Yankees vs. Red Sox (Sept. 22-25)

At some point Judge has to cool down, right? If all goes according to this prediction, Judge will have hit 11 home runs in his previous 20 games.

Judge will hit one home run in this four-game series. I just don't think Boston will pitch to him as much and that torrid pace Judge was on is going to be extremely difficult to sustain.

Still, Judge ties Maris' record at home, hitting his 61st over the short porch in right—just like Maris did 61 years ago. Let's say that home run comes on Saturday afternoon against one of Boston's relievers. 

Even with one more game at home, his historic chase will travel north of the border, placing even more emphasis on a huge series against Toronto with postseason implications. 

Yankees @ Blue Jays (Sept. 26-28)

Ben Clemens of FanGraphs recently crunched some numbers, calculating when Judge is most likely to his historic home runs (60, 61 and 62). According to his data, there's a good chance Judge makes some history at the Rogers Centre. 

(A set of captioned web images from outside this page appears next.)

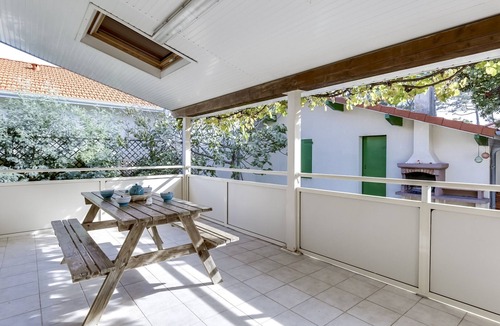 Biscarrosse Plage House | Cozy Beach House: Steps from Center, 400m to Ocean, Sleeps 6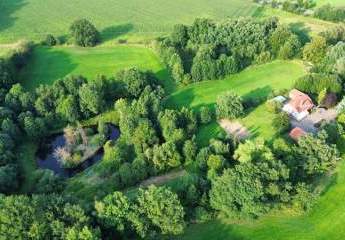 Hier wird Ihr Traum von Freiheit wahr:
Großes Anwesen mit Gartenteich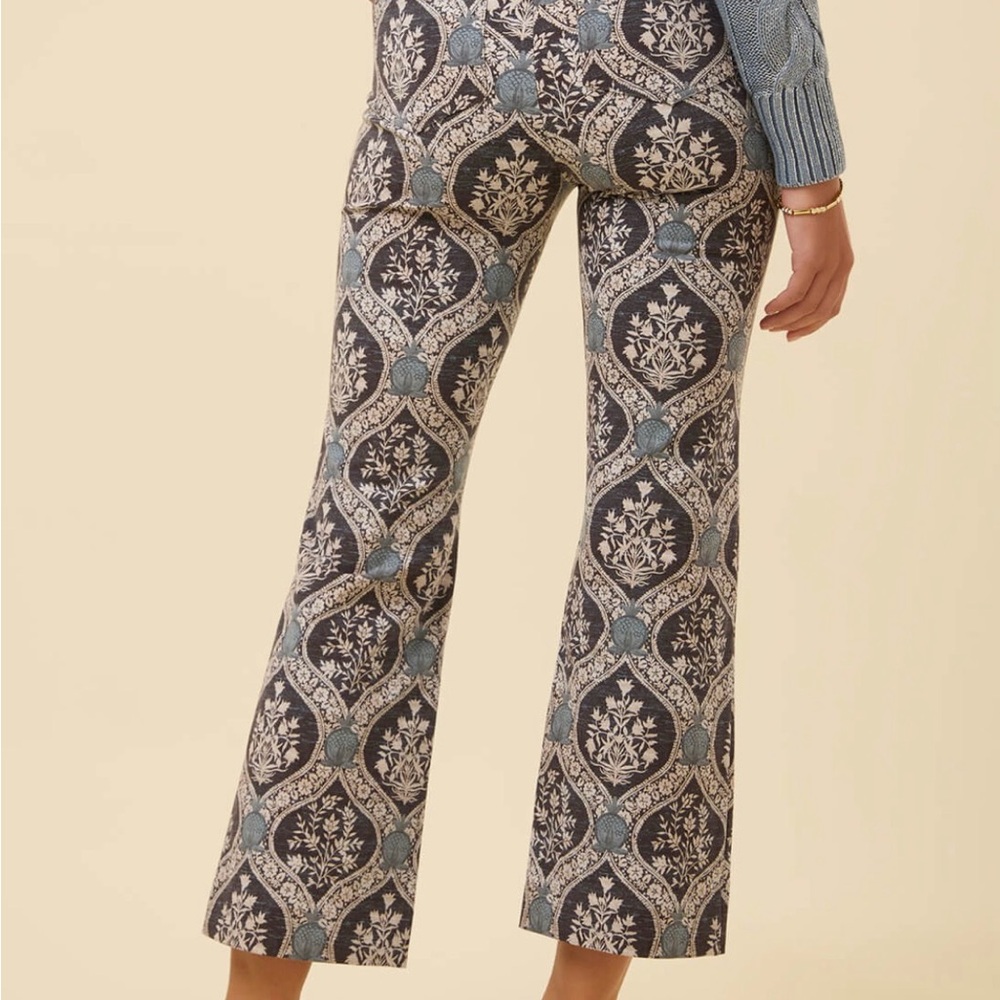 Spartina 449 Blue and Cream Patterned Cropped Pants - Picture 2 of 6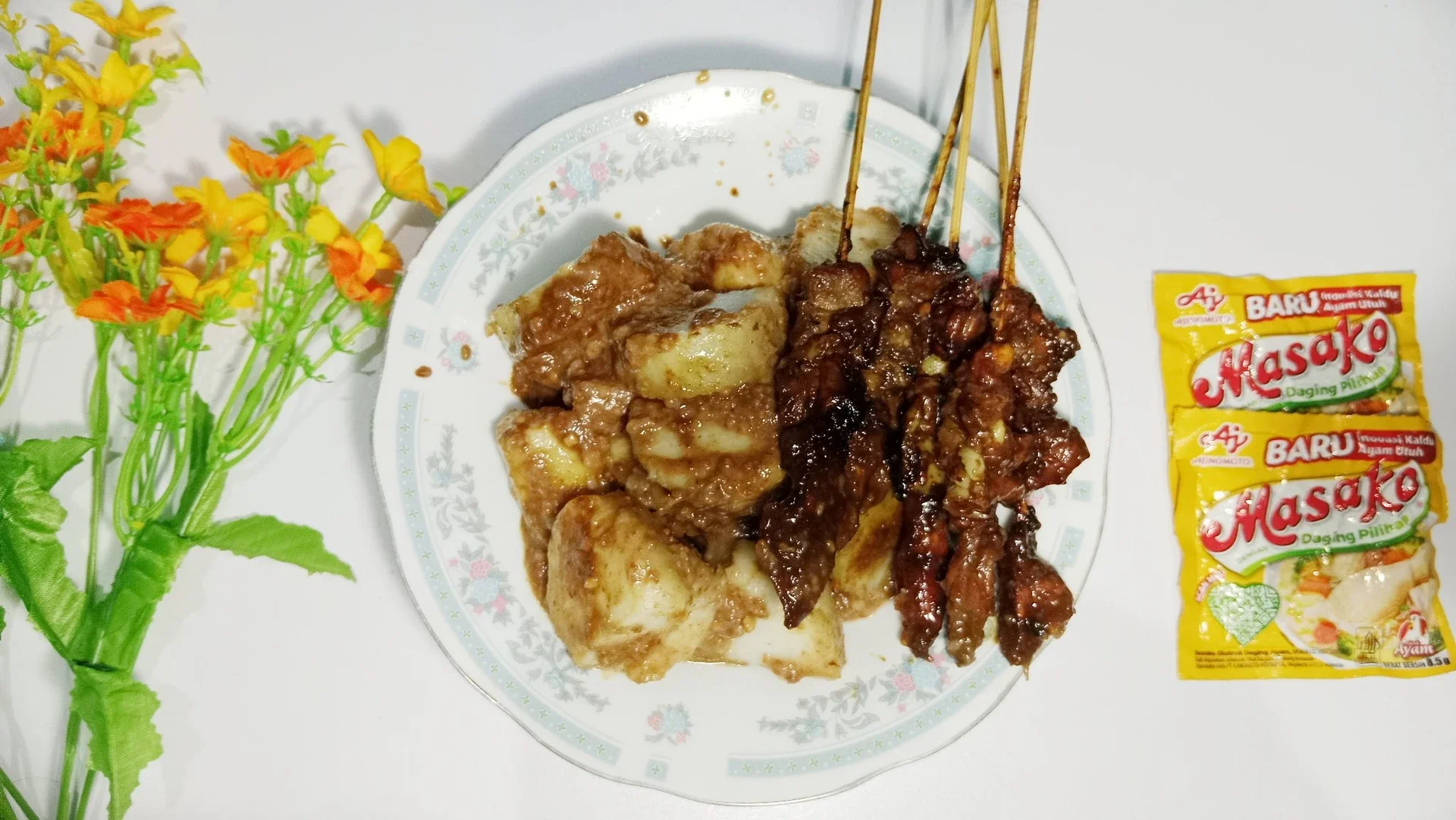 Sate Lontong Bumbu Kacang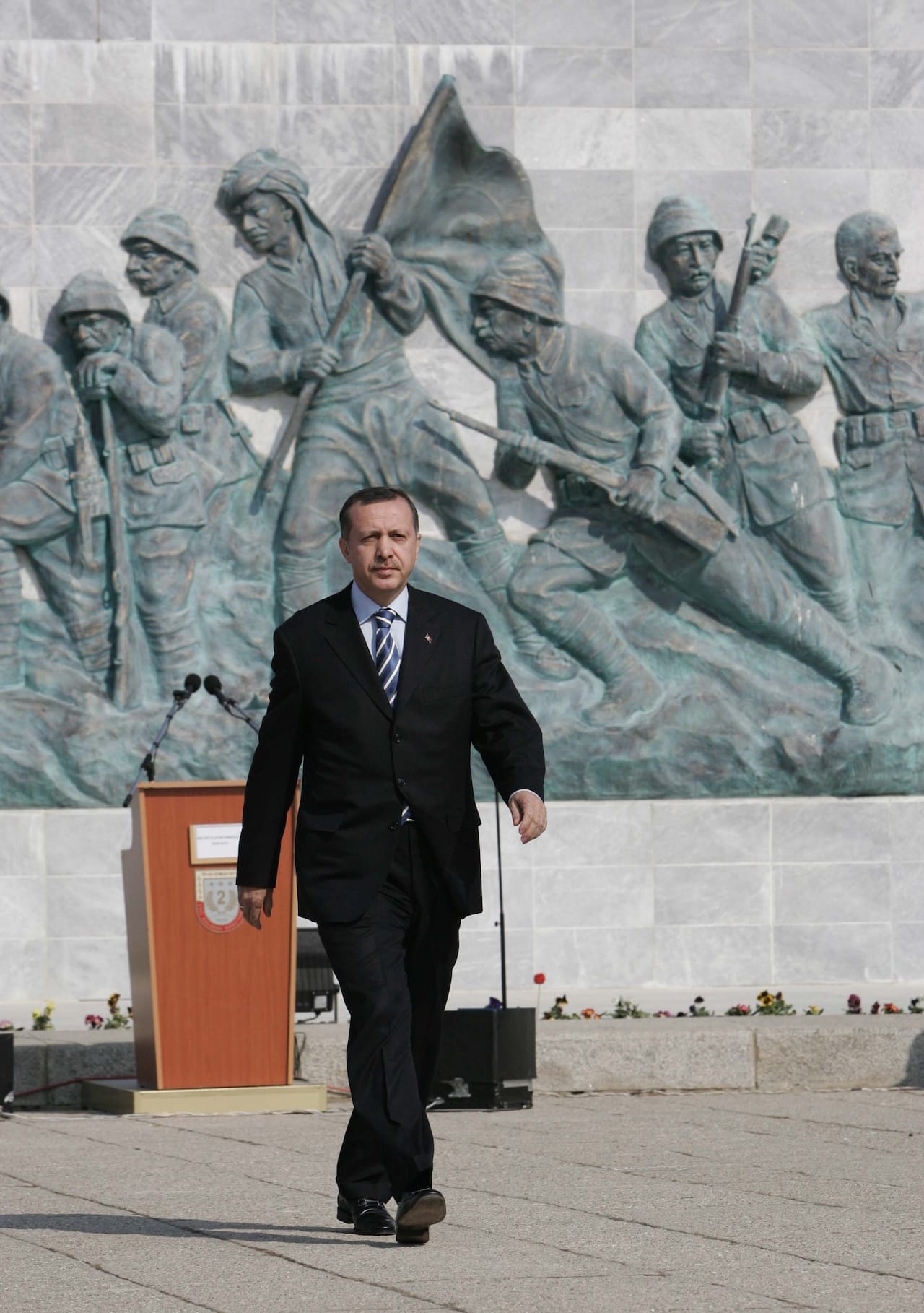 Recep Tayyip Erdoğan at the Çanakkale Martyrs' Memorial (photo by Randam, via Wikimedia Commons)
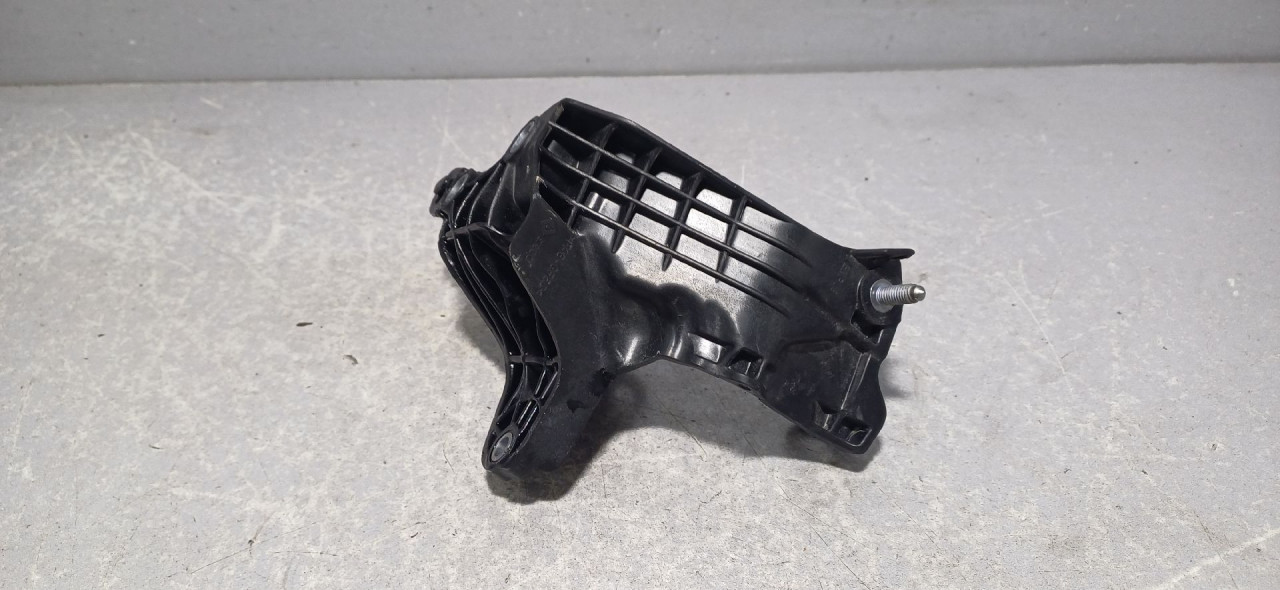 DIJELOVI NOSAC PEUGEOT 3008 > 20- 9813294580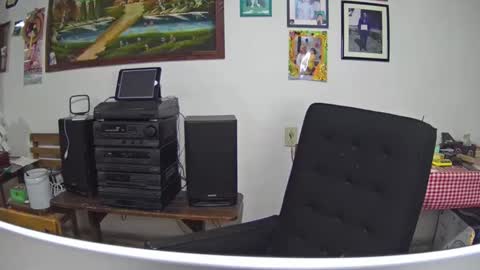 Manu O online show from September 2025 01:51:02 AM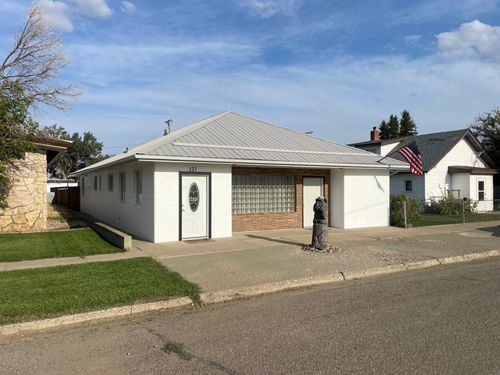 127 Main St, Chester, MT, 59522-7819 | Card Image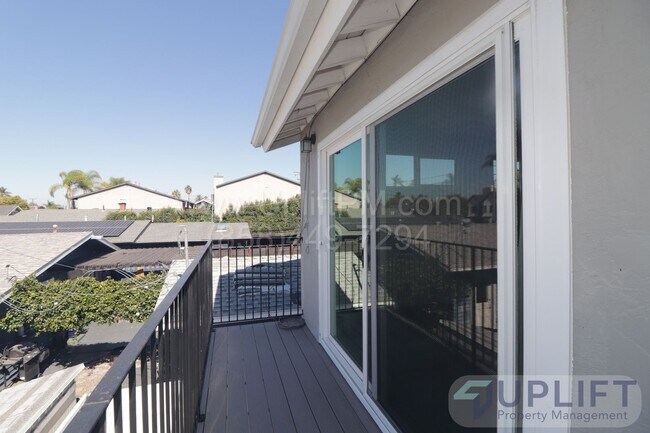 Building Photo - 2 bed 2 bath Remodeled Duplex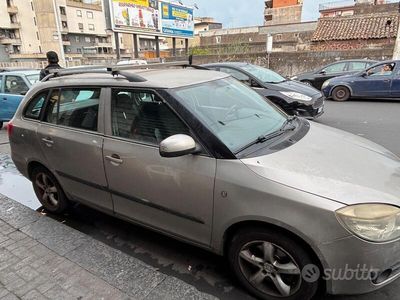 Usata Skoda Fabia 105 CV (77 kW) 2009 Grigio Utilitaria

My gut tells me Judge won't hit a home run in that series. With Toronto needing to win each of those games to keep their postseason hopes alive, jockeying for position in the division and the wild card race, the Blue Jays will be very careful with Judge.

Plus, depending on how Toronto's rotation lines up, the Blue Jays have multiple dominant starters. Alek Manoah and Kevin Gausman are having tremendous seasons.

Judge is hitting just .231 over six games in Toronto this season. Even with the anticipation and national attention, the Jays will keep Judge in the yard. That doesn't mean he won't have a quality series, he'll just return to Yankee Stadium that weekend still tied with Maris. 

Yankees vs. Orioles (Sept. 30-Oct. 2)

Judge will hit his 62nd home run of the season in his first at-bat on Friday, September 30. 

In this projected scenario, that snaps a drought of four games where Judge had been sitting on 61. The slugger wastes no time against the Orioles, starting the final home series of the season with a historic bang.

Part of me thinks that Judge gets this done in Toronto, but tying and breaking the record in the Bronx would be pretty special. Reminds me of when Derek Jeter broke the franchise record for hits with the 2,722nd knock of his career, passing Lou Gehrig with an opposite-field single against Baltimore at Yankee Stadium in 2009.

Similar to how Jeter made history by doing what he does best, going the other way, Judge will hit his 62nd home run to right-center field, far beyond the short porch and to the right of the Yankees' bullpen.